In sum, the results suggest a one-to-one relationship between ROE and CA, and
the efficiency score of the firm – the higher the efficiency score, the higher are ROE and
CA, and vice versa.
Our second research question relates organizational form to efficiency. We repeat
the estimation of inefficiency, assuming a positive half-normal distribution (of the
inefficiency component) where the mean is a function of organizational form and policy
mix, using the Cobb-Douglas functional form. Panel A of Table 5 shows the regression
results. We find that the coefficient of STOCK, a dummy variable set at zero for mutual
companies and one for stock companies, is negative and significant, indicating that the
latter are significantly more efficient than the former. The coefficient of MIX is, as
expected, positive and highly significant, indicating that failure to account for the type of
policy (whole vs. term) results in higher inefficiency scores for firms that primarily issue
whole life policies; the most likely reason is that SAP ignore the matching concept.

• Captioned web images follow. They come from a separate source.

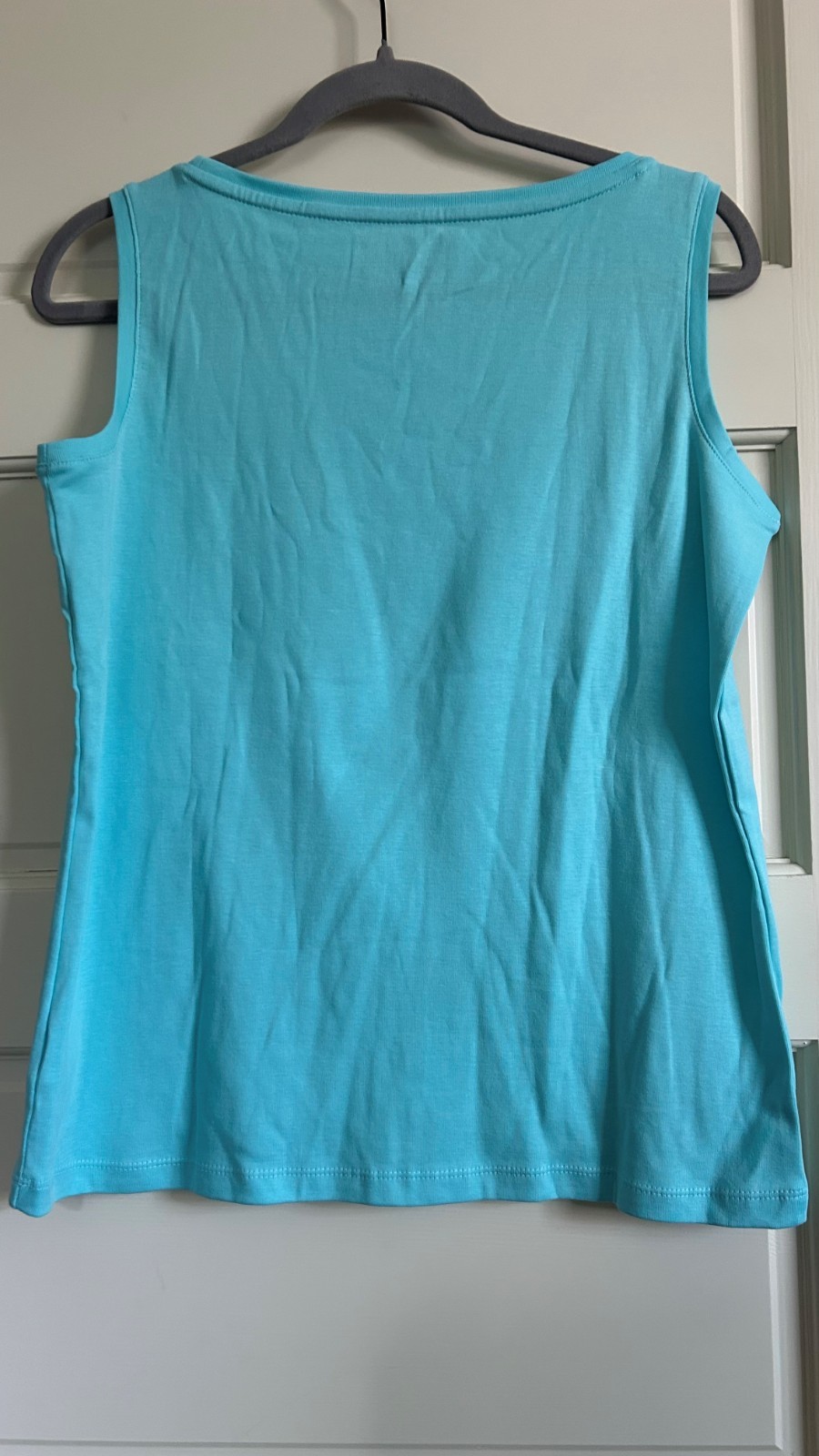 NWT Blue Pink Talbots Boatneck Tank Top 100% Pima Cotton X Petite
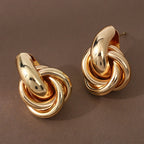 Fashion Round Double Ring Metal Stud Earrings – Gold & Silver Stainless Steel Unisex Jewelry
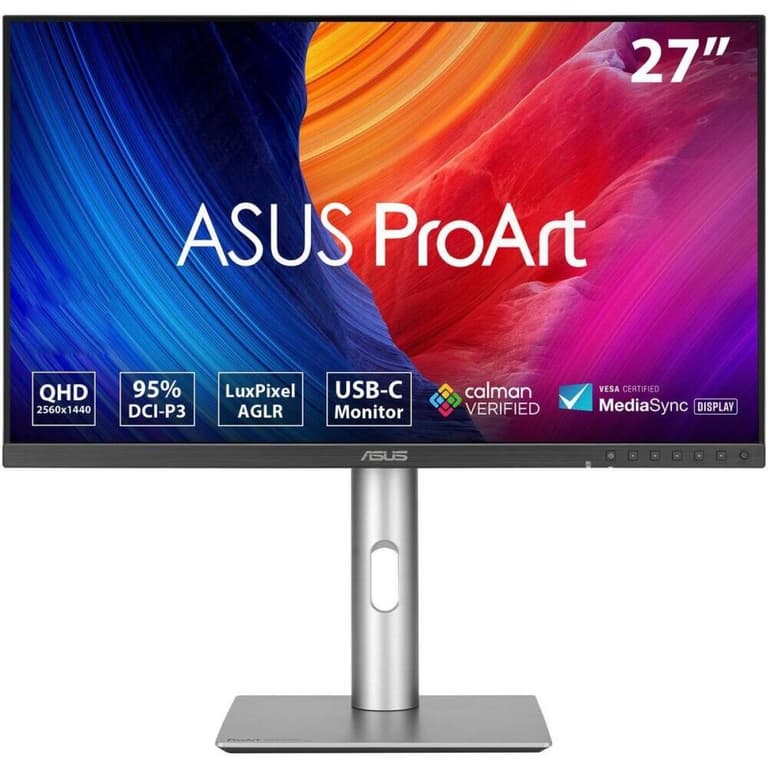 ASUS ProArt PA278CFRV Professional 27” IPS QHD 2K 100Hz HDR400 95% DCI-P3 LuxPixel AGLR Color Accuracy ΔE < 2 Calman Verified w/ Adjustable Stand & USB-C PD 96W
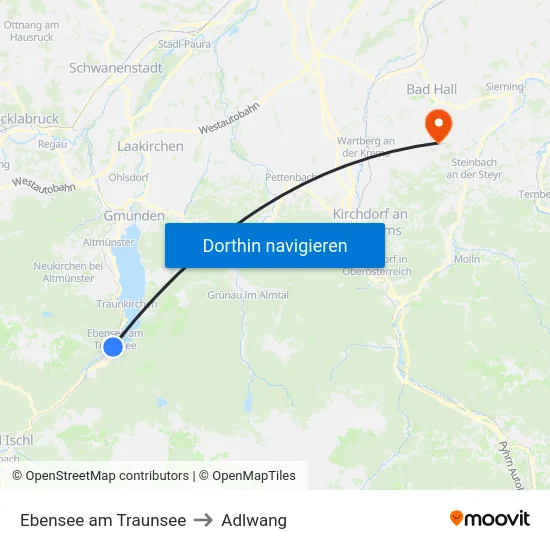 Ebensee am Traunsee to Adlwang map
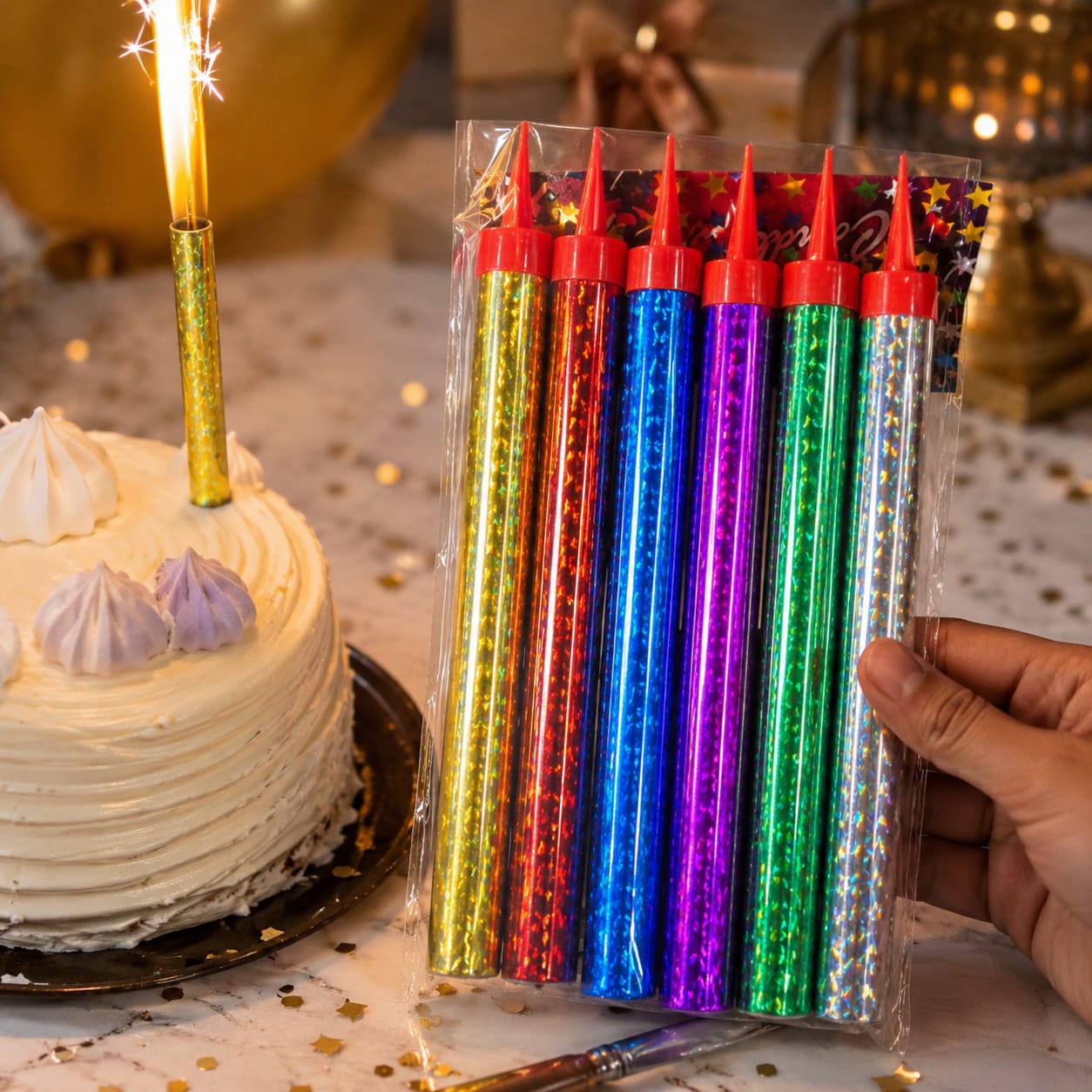 Metallic Party Popper Tubes – Multicolor Confetti Popper for Birthday & Celebrations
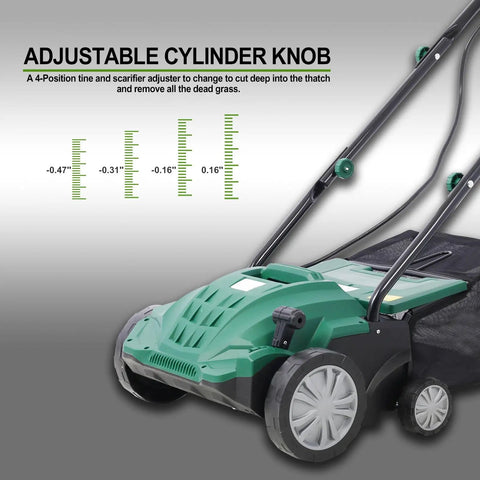 Side view of Two In One Electric Dethatcher And Scarifier For Lawns 13 Inch Walk Behind Dethatcher with 4 position depth adjustment.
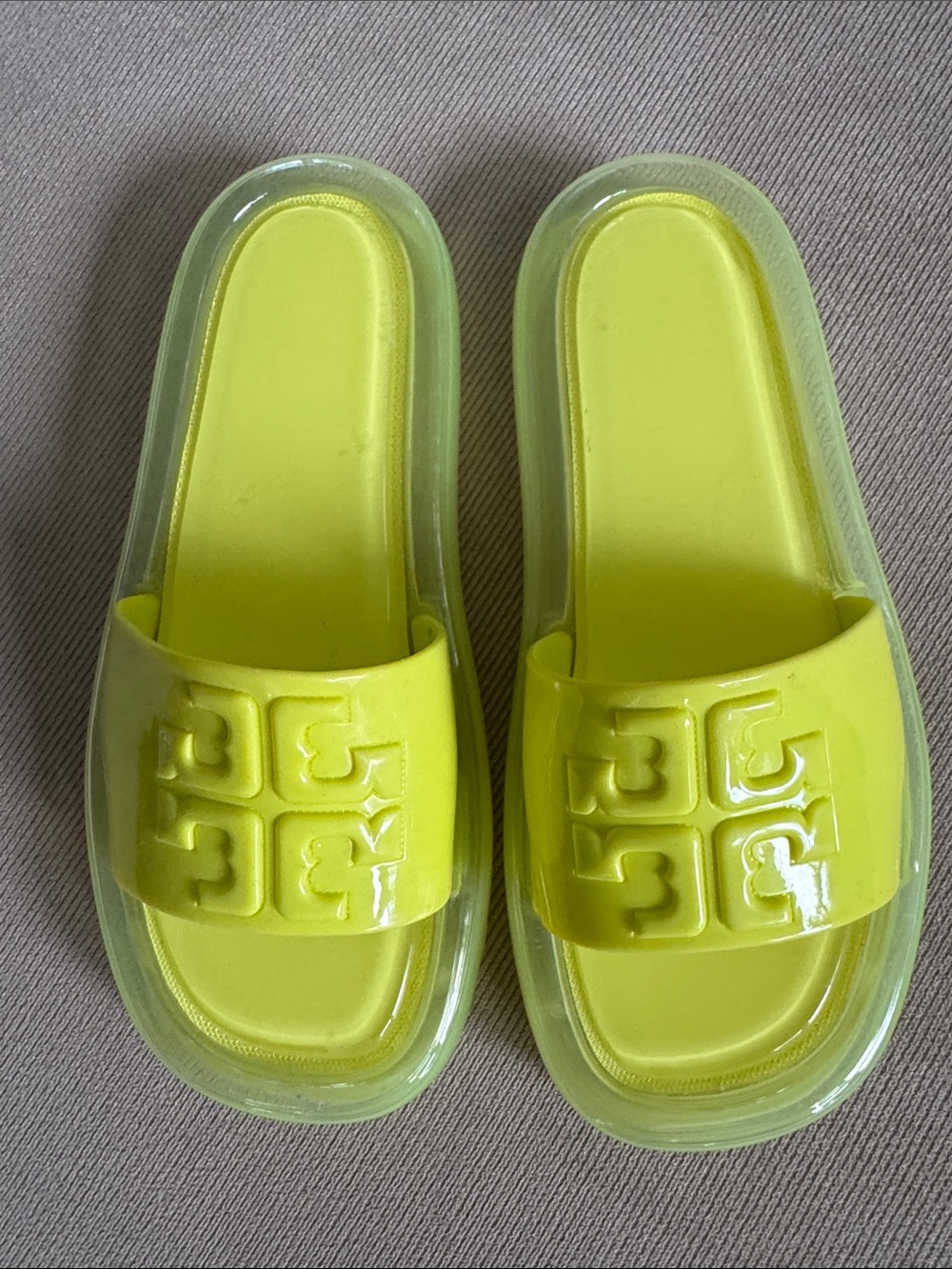 Tory Burch Lime Yellow Logo Jelly Slide Sandals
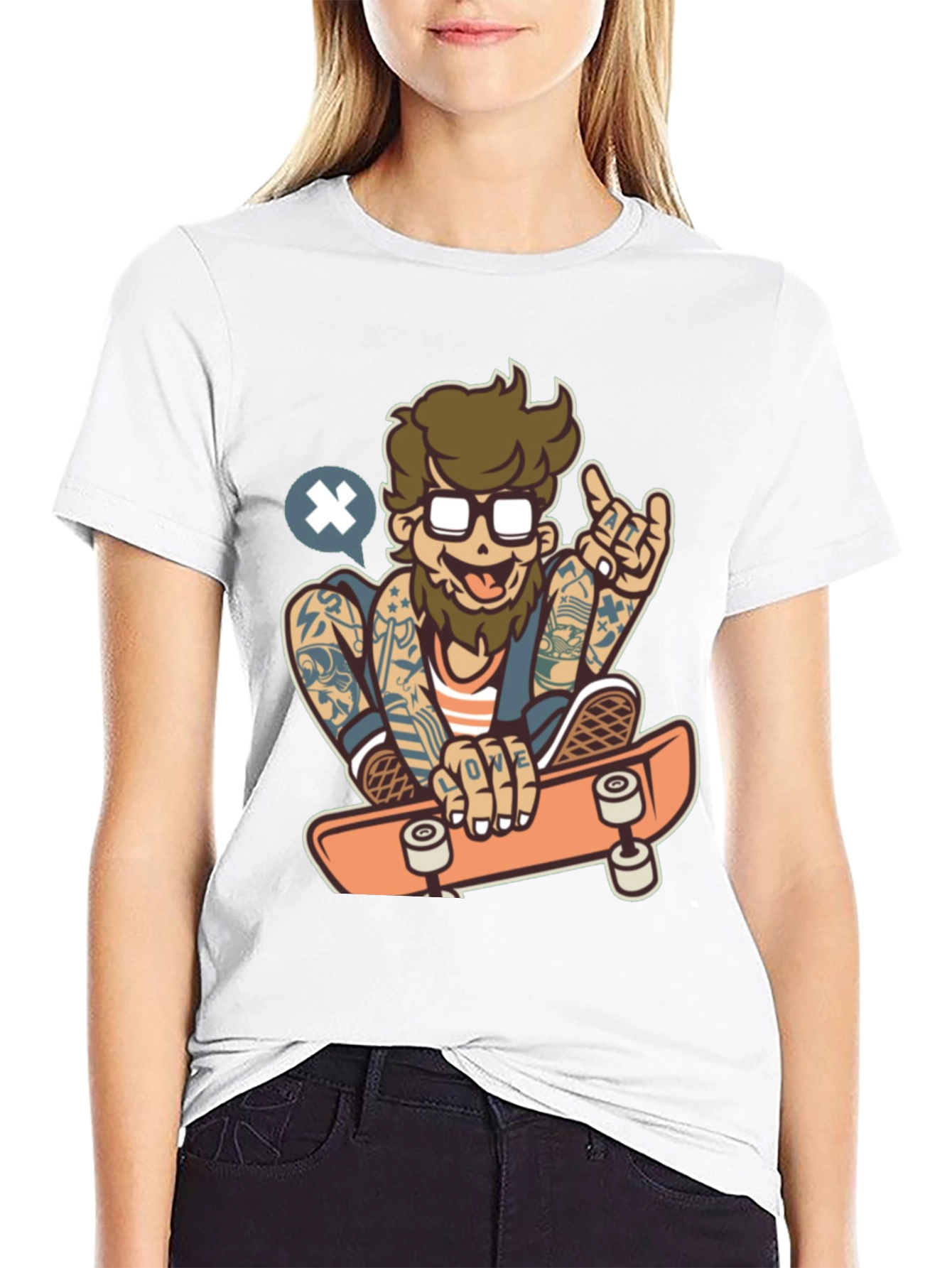 Skater Dude Graphic Tee - Black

Finally, Panel B of Table 5 provides the means and average Wilcoxon rank scores
of the profitability and growth measures of the two organizational forms. Over the entire
period, the stock companies have significantly (5%) higher ROA, ROE, CA, and GR. On
a yearly basis, the ROA and CA of stock companies are significantly, higher in every
year, at 10% or better. The ROE of stock companies is significantly higher in 1995 and in
1996, while GR is significantly higher in 1996 and in 1998.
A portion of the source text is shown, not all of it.